- [About this task]
The records below must be repeated exactly, but without their pictures.

================

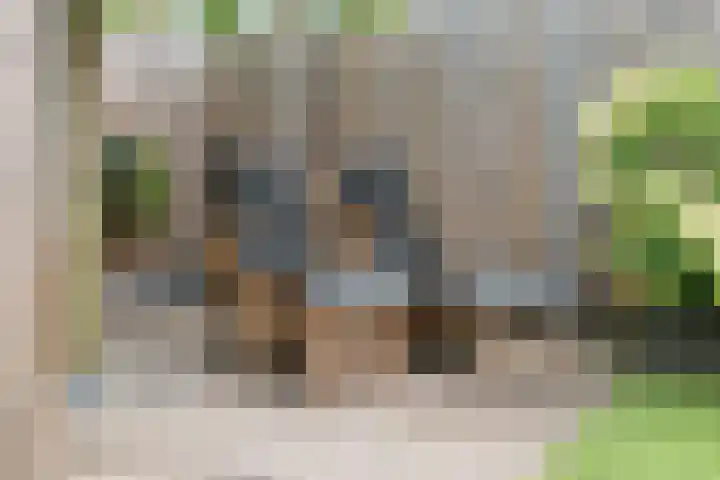 Plaggenslag 34 Nieuwleusen thumbnail 40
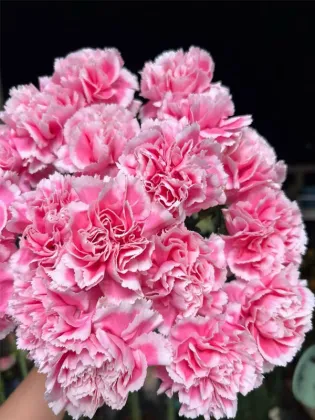 Smile Carnation single headed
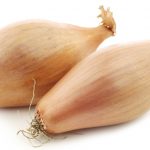 Лук-шалот: выбор сорта и правила выращивания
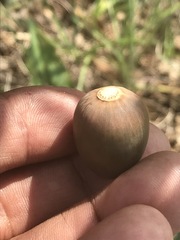 Quercus striatula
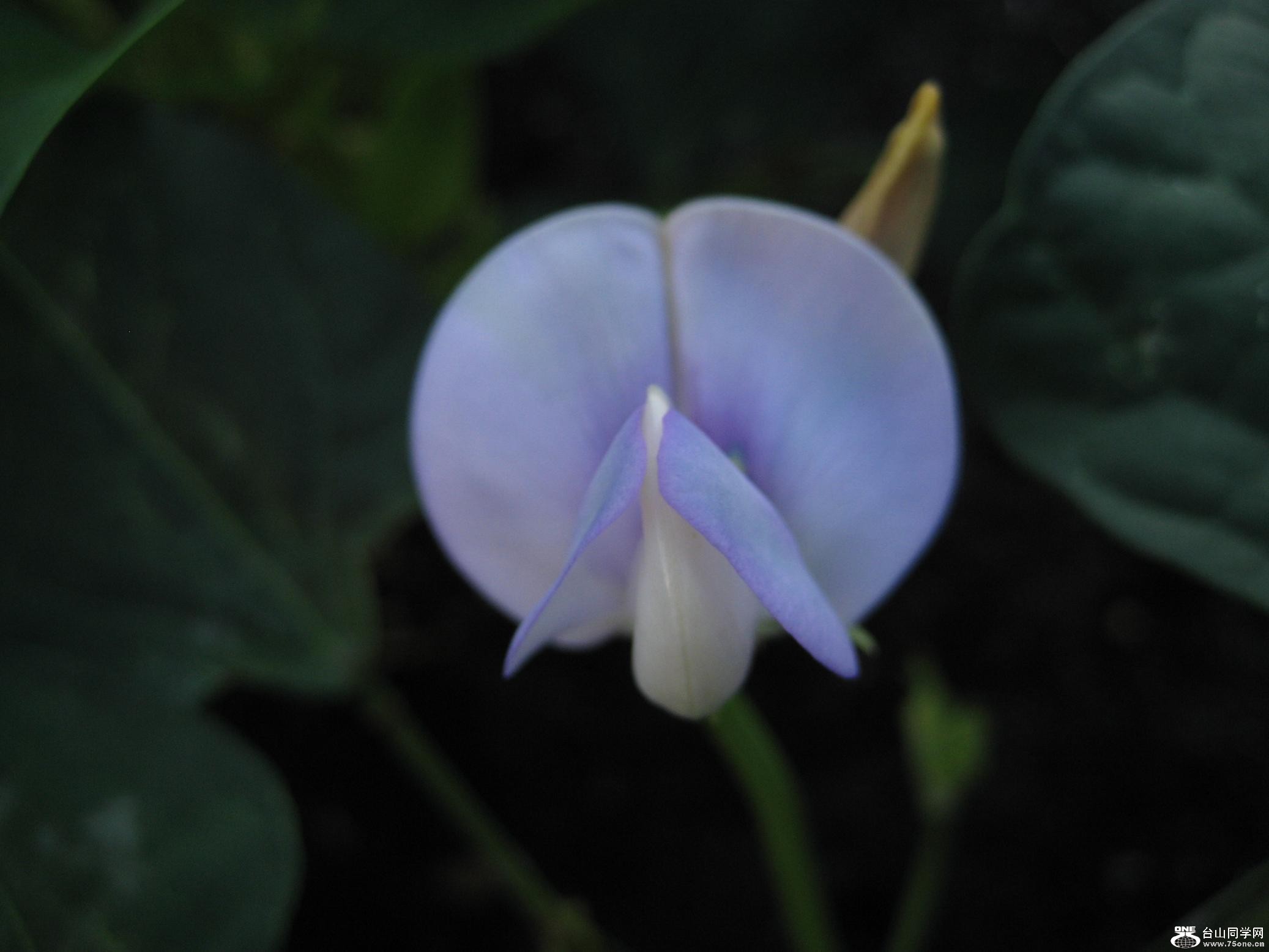 IMG_3864.JPG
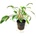 Cryptocoryne petchii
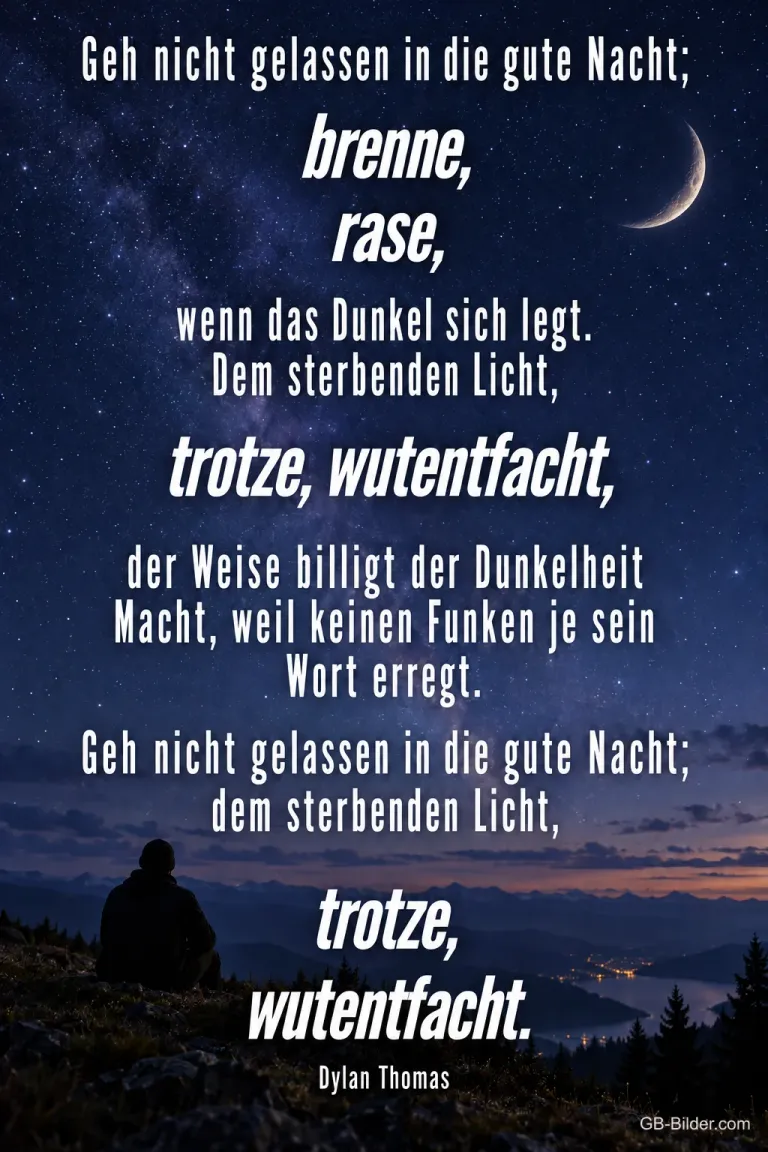 Mensch unter der Milchstraße, Gedicht: Geh nicht gelassen in die gute Nacht – Dylan Thomas
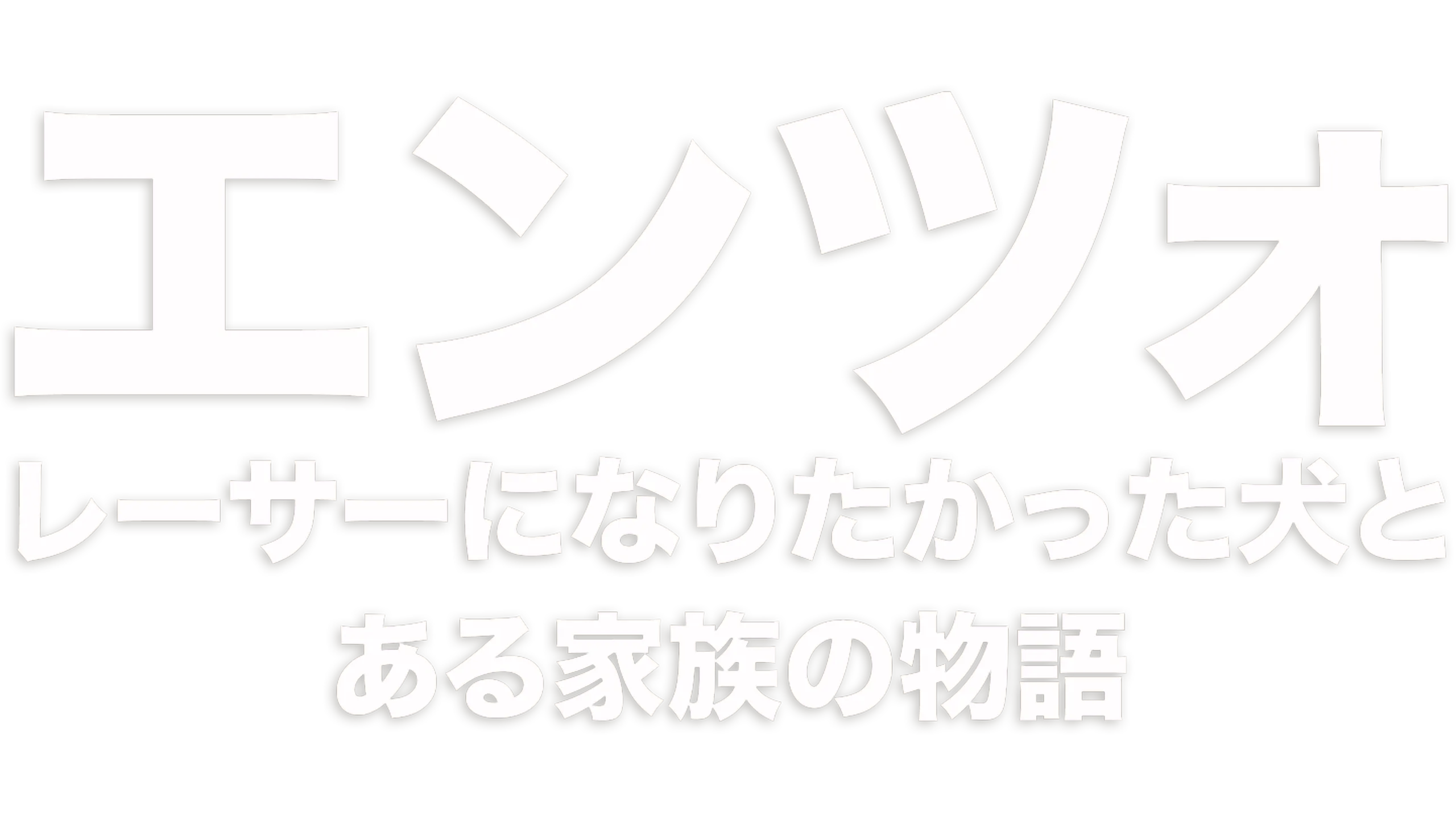 エンツォ　レーサーになりたかった犬とある家族の物語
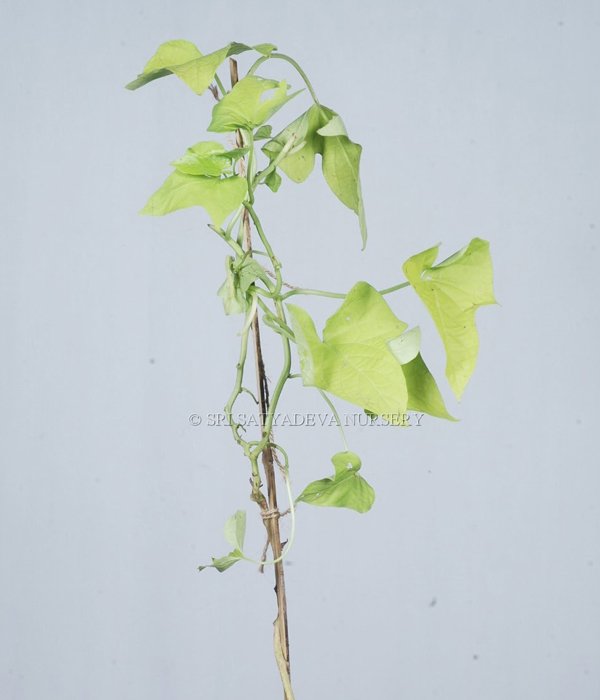 Ipomoea Batatas Chartrevse Creeper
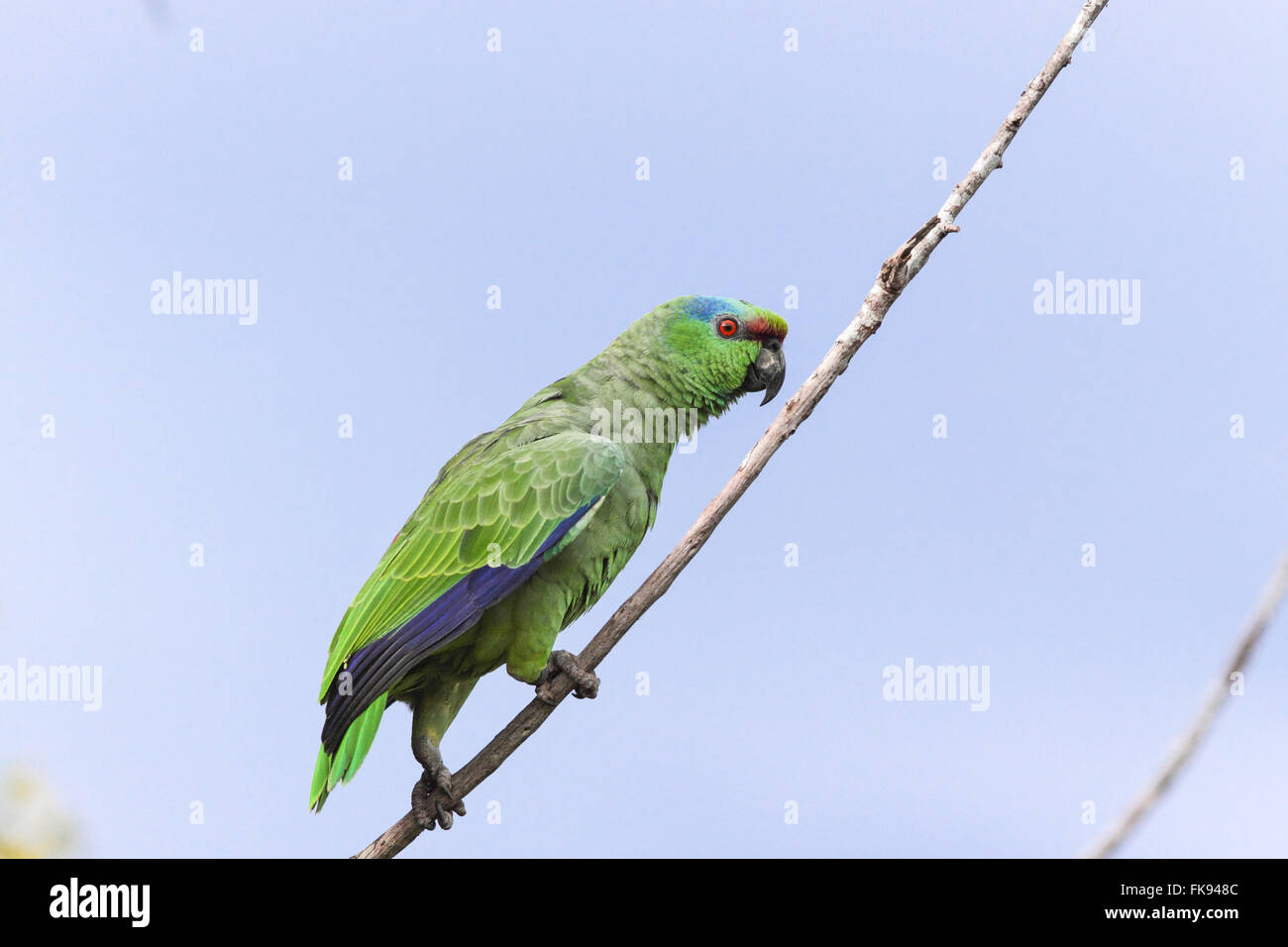 Pappagallo-della-floodplain arroccato su ramoscello Foto Stock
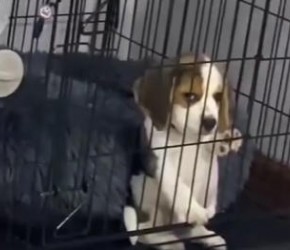 比格犬​​也有赏味期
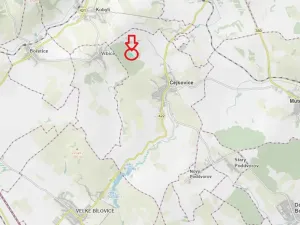 Prodej lesa, Čejkovice, 8895 m2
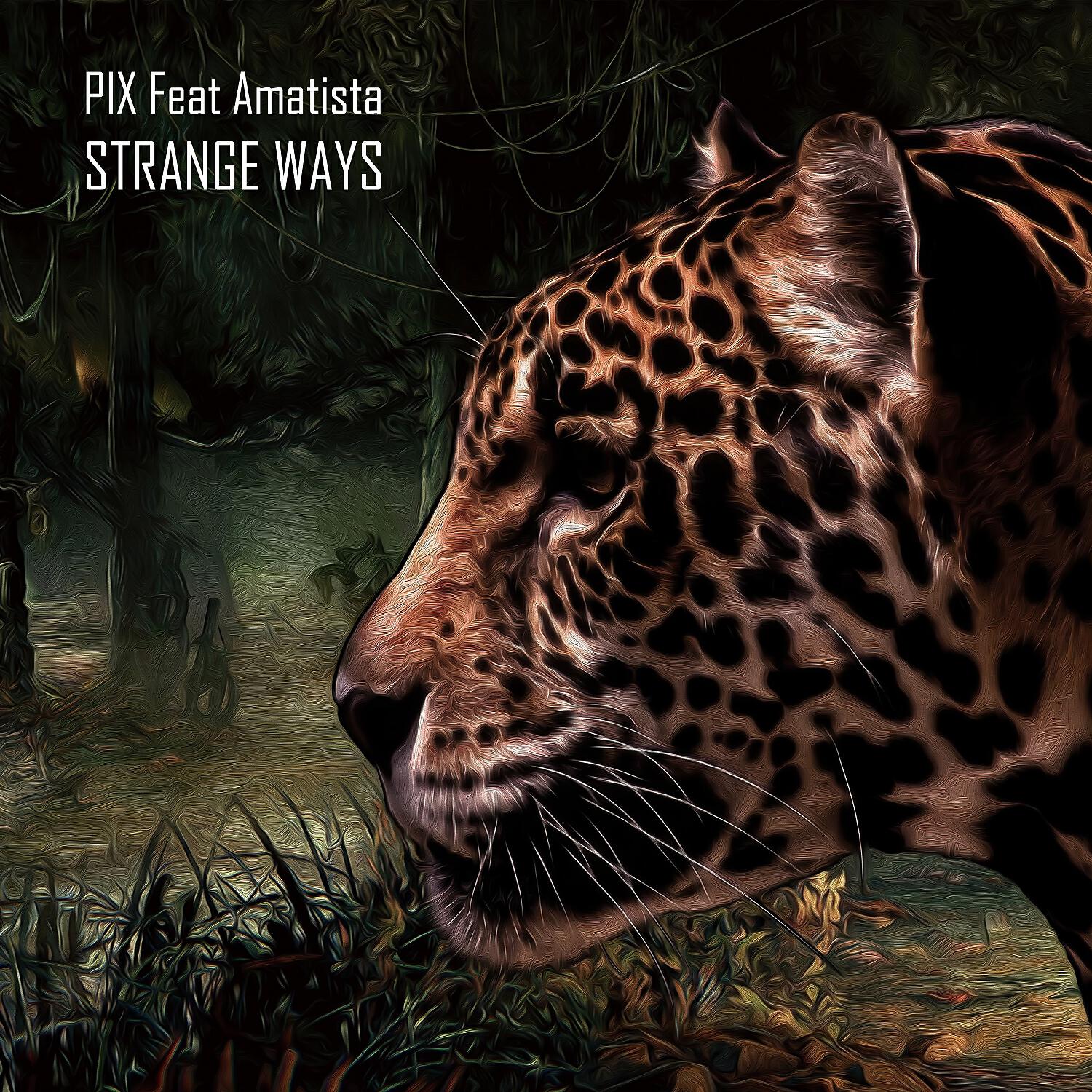 PIX. - Strange Ways (Elegant Ape Remix)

================

- [Exercise answer]
 Plaggenslag 34 Nieuwleusen thumbnail 40
 Smile Carnation single headed
 Лук-шалот: выбор сорта и правила выращивания
 Quercus striatula
 IMG_3864.JPG
 Cryptocoryne petchii
 Mensch unter der Milchstraße, Gedicht: Geh nicht gelassen in die gute Nacht – Dylan Thomas
 エンツォ　レーサーになりたかった犬とある家族の物語
 Ipomoea Batatas Chartrevse Creeper
 Pappagallo-della-floodplain arroccato su ramoscello Foto Stock
 比格犬​​也有赏味期
 Prodej lesa, Čejkovice, 8895 m2
 PIX. - Strange Ways (Elegant Ape Remix)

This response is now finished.